« Bojack Horseman » c’est l’histoire d’un con. Un con irascible, dépressif, arrogant, millionnaire et condescendant. Difficile de s’identifier à lui ou de faire preuve d’une quelconque bienveillance à prime abord. On le découvre en étant jugeur, critique et peu empathique. Cette série vient s’ajouter à la longue liste des plaidoyers sur le bénéfice du doute. Sans échapper à la règle, elle mettra en scène un changement chez le héros de manière pointue et satirique. Et quand le rideau final se baisse, on a l’impression d’avoir vécu une expérience aussi introspective qu’instructive. On connaît Bojack et on le comprend mieux. Peut-être qu’on se comprend et qu’on se connait mieux.
Alors oui, le crédit d’intention, supposer que les intentions d’autrui sont bonnes et positives, on connaît. On nous l’a martelé. On peut avoir de « mauvais comportement » sans vouloir faire le mal. L’arrogance peut cacher la peur de l’incompétence. L’hyper-contrôle renferme parfois la peur de l’inutilité. Et la condescendance est bien souvent révélatrice d’insécurité. Ainsi de suite. Garder ça à l’esprit devrait nous aider à être plus empathique. À cesser d’étiqueter les autres en considérant leurs comportements comme immuables. Nous sommes souvent d’excellents avocats pour nous et de très bons juges pour les autres. Nous devrions tâcher d’être de bons avocats pour tout le monde.
On le sait, pourtant ça reste dur. C’est dur parce que, parfois, « X agit comme un vrai con ». Parfois Bojack dépasse les bornes peu importe ses raisons. C’est dur parce que quand on y arrive, on s’attend à ce que ce soit réciproque. Ça l’est rarement. Quelqu’un de condescendant ne fera pas toujours l’effort de vous rendre la pareille, d’être votre avocat. Mais souvent, on n’a pas le choix, on doit quand même créer la relation. Notamment quand on doit manager, ou pire, se faire manager par un « Bojack ». Alors qu’est-ce qu’on peut faire dans ce cas ?
On peut l’étudier.
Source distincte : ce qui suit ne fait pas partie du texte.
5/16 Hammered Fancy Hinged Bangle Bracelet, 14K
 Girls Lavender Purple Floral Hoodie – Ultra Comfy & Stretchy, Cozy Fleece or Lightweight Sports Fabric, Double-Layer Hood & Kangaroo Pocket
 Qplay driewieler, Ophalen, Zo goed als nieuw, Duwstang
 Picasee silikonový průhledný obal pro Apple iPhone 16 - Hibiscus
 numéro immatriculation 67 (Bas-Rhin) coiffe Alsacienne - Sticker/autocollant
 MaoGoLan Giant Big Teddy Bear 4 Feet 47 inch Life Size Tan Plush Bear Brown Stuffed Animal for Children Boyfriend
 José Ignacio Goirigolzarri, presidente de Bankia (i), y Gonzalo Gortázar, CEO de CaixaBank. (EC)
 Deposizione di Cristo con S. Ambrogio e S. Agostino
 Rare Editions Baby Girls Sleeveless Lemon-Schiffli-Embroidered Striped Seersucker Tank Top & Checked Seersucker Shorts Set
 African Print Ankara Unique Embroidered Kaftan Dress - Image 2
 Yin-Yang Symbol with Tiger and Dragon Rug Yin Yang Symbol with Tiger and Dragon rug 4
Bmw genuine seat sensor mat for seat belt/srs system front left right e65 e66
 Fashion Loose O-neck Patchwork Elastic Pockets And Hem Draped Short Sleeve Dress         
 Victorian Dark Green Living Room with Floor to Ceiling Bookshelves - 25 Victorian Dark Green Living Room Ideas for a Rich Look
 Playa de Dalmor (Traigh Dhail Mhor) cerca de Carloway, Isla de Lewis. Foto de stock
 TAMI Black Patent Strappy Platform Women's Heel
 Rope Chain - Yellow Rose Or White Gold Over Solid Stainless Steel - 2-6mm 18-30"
On peut l’étudier sans rien attendre en retour ou, en tout cas, pas de bienveillance immédiate. Dans cette série, le personnage le plus important pour Bojack est une autrice nommée Diane. Diane, plus ou moins contre son gré, a pour mission initiale d’écrire la biographie du héros. Elle n’a pas le choix et ne peut pas se permettre de l’étiqueter. Ni de résumer son livre en une phrase : « Voilà un piètre être-humain ». Alors elle va essayer de le comprendre. Elle va se forcer à le comprendre, sans attendre de réciprocité. Elle va se forcer à le connaitre. Et elle va lui permettre de s’ouvrir. N’ayant rien d’autre à donner en retour que son temps, il finira par lui offrir de l’honnêteté. Puis de la confiance. Et là seulement, la relation se crée. Là seulement, nous devenons témoins des tentatives de changement chez cet anti-héros. Là seulement, Diane va permettre à Bojack de se sentir compris et d’essayer de comprendre les autres, de devenir ce fameux avocat. On se mettra alors à le juger plus justement, à le soutenir plus fréquemment. À l’encourager dans ses défaites et à le féliciter dans ses victoires. Et là seulement, on peut retirer l’étiquette de « vieux con » et la remplacer par « Bojack Horseman ».